Start of Record extracts

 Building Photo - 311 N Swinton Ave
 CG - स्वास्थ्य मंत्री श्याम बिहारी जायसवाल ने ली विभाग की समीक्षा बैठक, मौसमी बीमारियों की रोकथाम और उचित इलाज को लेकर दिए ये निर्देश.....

End of Record extracts
Start of Record extracts

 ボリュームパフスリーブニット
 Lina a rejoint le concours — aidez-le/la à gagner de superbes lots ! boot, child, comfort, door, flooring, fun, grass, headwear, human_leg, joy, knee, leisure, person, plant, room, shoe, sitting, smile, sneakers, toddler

End of Record extracts

▶ _The task_: Of all the entries above, repeat only the lines from the line that has "Building Photo - 311 N Swinton Ave" to the line that has "CG - स्वास्थ्य", both lines included, exactly.

▶ _Response_:
 Building Photo - 311 N Swinton Ave
 CG - स्वास्थ्य मंत्री श्याम बिहारी जायसवाल ने ली विभाग की समीक्षा बैठक, मौसमी बीमारियों की रोकथाम और उचित इलाज को लेकर दिए ये निर्देश.....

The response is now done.